BSP Governor Benjamin Diokno told reporters during the launch of the PayMaya QR (quick response) system at the reopening of one of the McDonald’s stores in Bonifacio Global City, monetary authorities could slash the reserve requirement ratio by 100 basis points.
“The next cut might be 100 basis points. It is an active issue, so we can discuss it anytime,” Diokno added.
The BSP has so far lowered the RRR level for big and mid-sized banks by 200 basis points in three tranches from May to July and for small banks by 100 basis points in May, freeing up about P210 billion to boost economic activity.
About P90 to P100 billion worth of funds are released into the financial system for every 100 basis points reduction in the RRR level.
Just like the previous reduction, Diokno said the effectivity of the planned RRR cut would be in tranches.
Likewise, Diokno said the Monetary Board is still likely to push through with its easing cycle via another rate cut in its next rate-setting meeting scheduled on Sept. 26 on concerns that the attacks in Saudi Arabia’s oil fields could put upward pressure on inflation.

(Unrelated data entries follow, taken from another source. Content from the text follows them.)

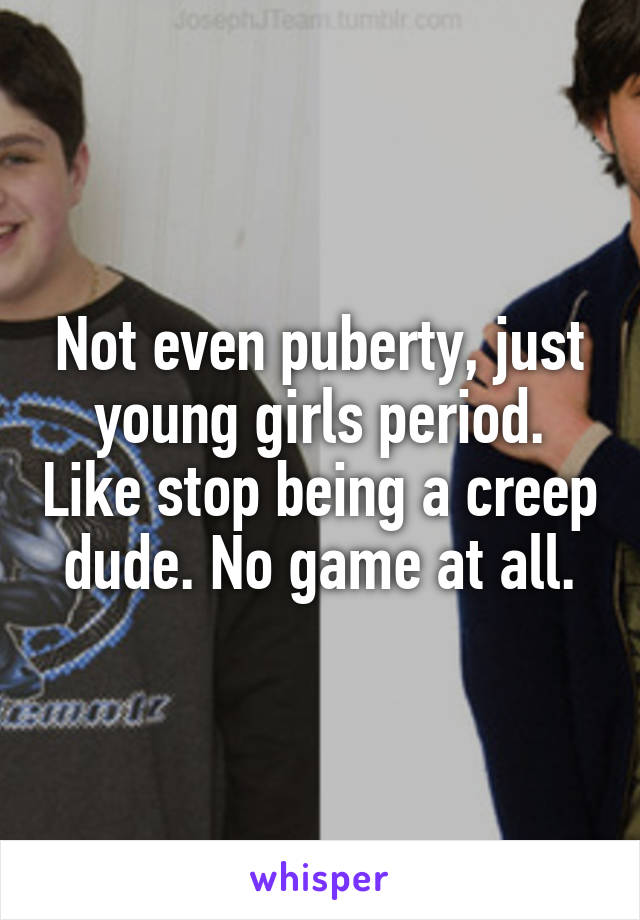 Not even puberty, just young girls period. Like stop being a creep dude. No game at all.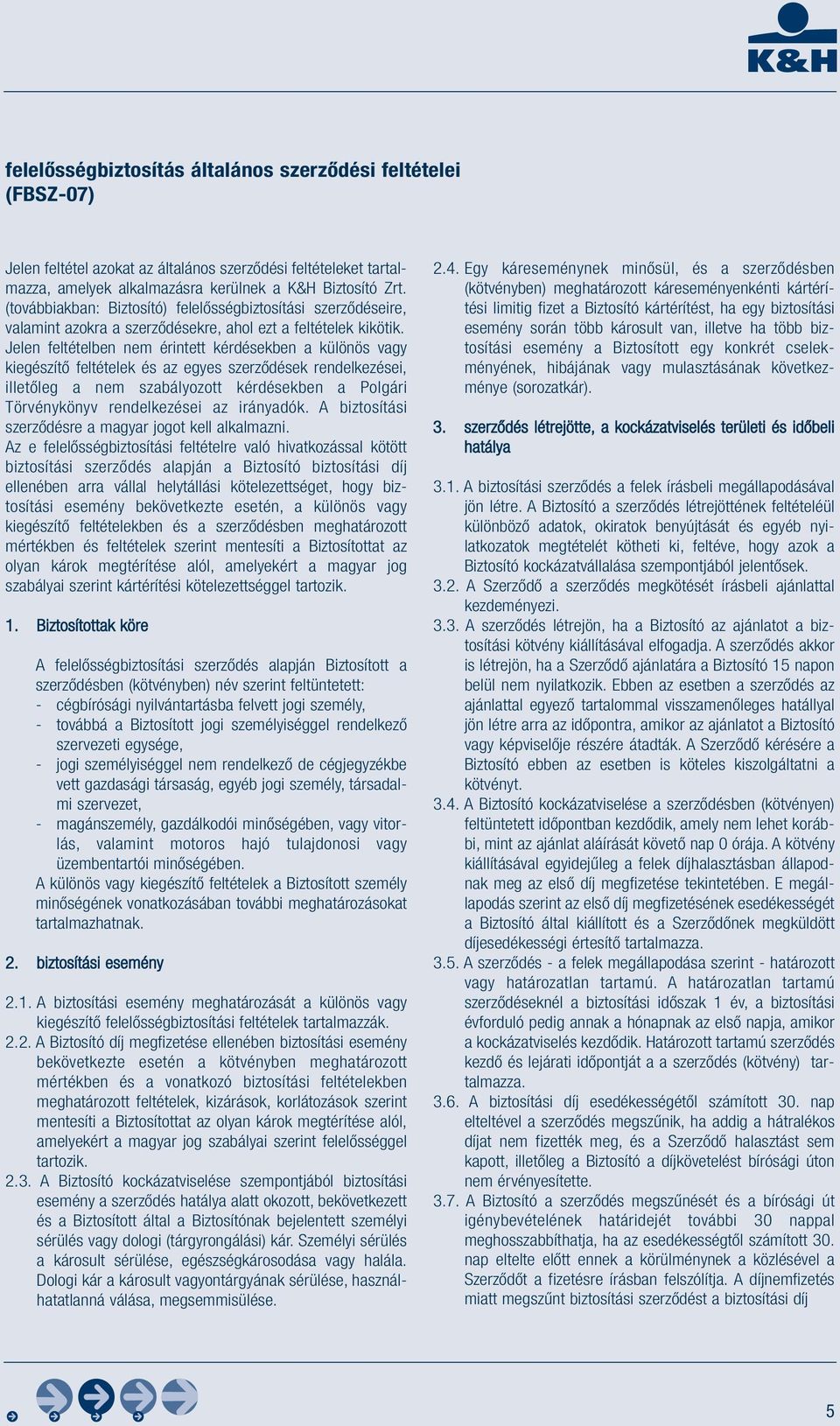 Jelen feltételben nem érintett kérdésekben a különös vagy kiegészítő feltételek és az egyes szerződések rendelkezései, illetőleg a nem szabályozott kérdésekben a Polgári Törvénykönyv rendelkezései az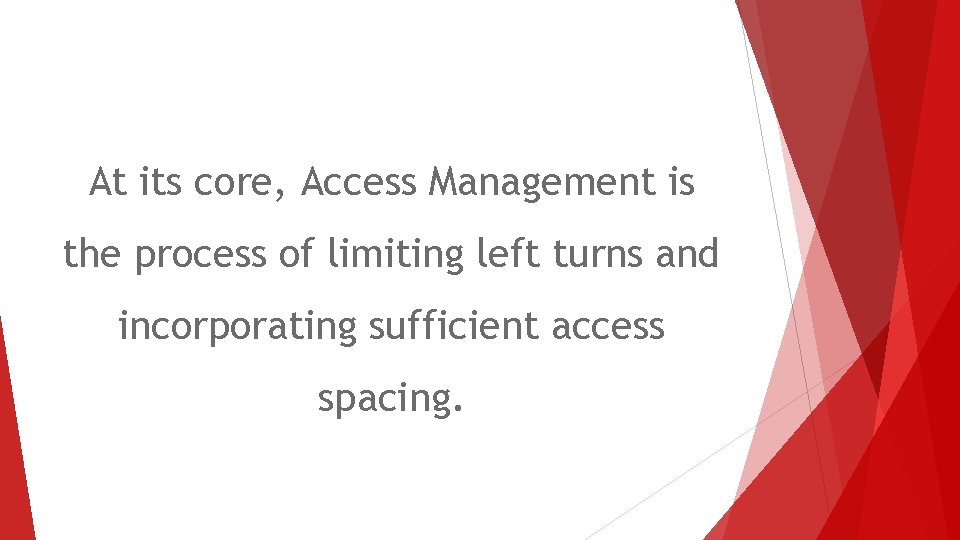 At its core, Access Management is the process of limiting left turns and incorporating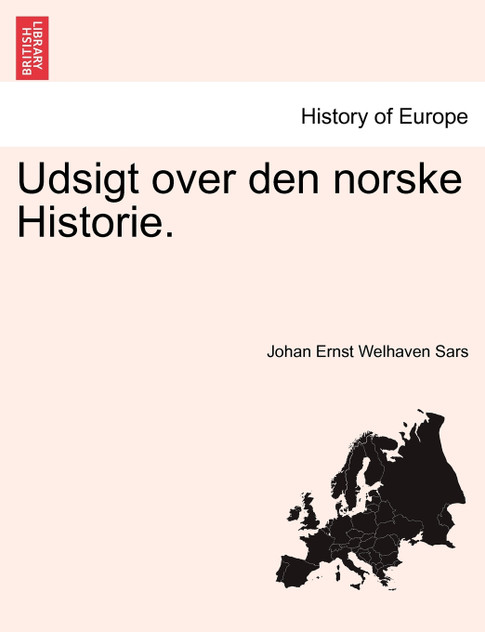 Udsigt over den norske Historie. Udsigt over den norske Historie.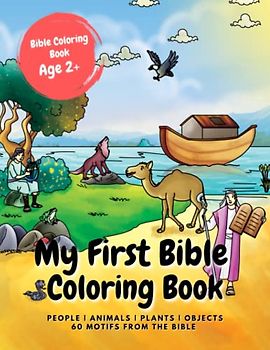 My first Bible coloring book | Bible coloring book for children 2+ | 60 Motifs to discover and color: Christian coloring book | Bible | God | Stories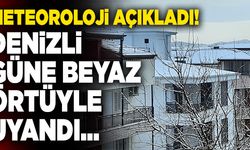 Denizli Güne Beyaz Örtüyle Uyandı… Meteoroloji Tahminleri Duyurdu!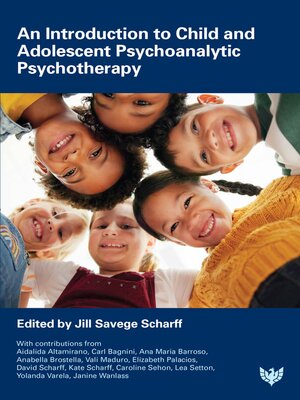 cover image of An Introduction to Child and Adolescent Psychoanalytic Psychotherapy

“No change, no change,” Diokno said referring to the statement he made during the signing of an agreement with the Bases Conversion and Development Authority (BCDA) on the new currency production facility at the New Clark City in Capas, Tarlac that the next monetary action via rate cut or lowering of RRR could come as early as September.
Diokno said inflation is seen settling within the BSP’s two to four percent target range as oil prices do not breach the $85 per barrel level. “Oil price rise is not yet a worry. For as long as it won’t breach $85 per barrel for consecutive weeks, inflation will remain within target,” he said.
According to Diokno, oil prices could be back to normal in the next few weeks.
Oil prices rose by more than 14 percent to over $69 per barrel as the attacks knocked out almost half of Saudi Arabia’s oil capacity, but dropped sharply to about $65 per barrel.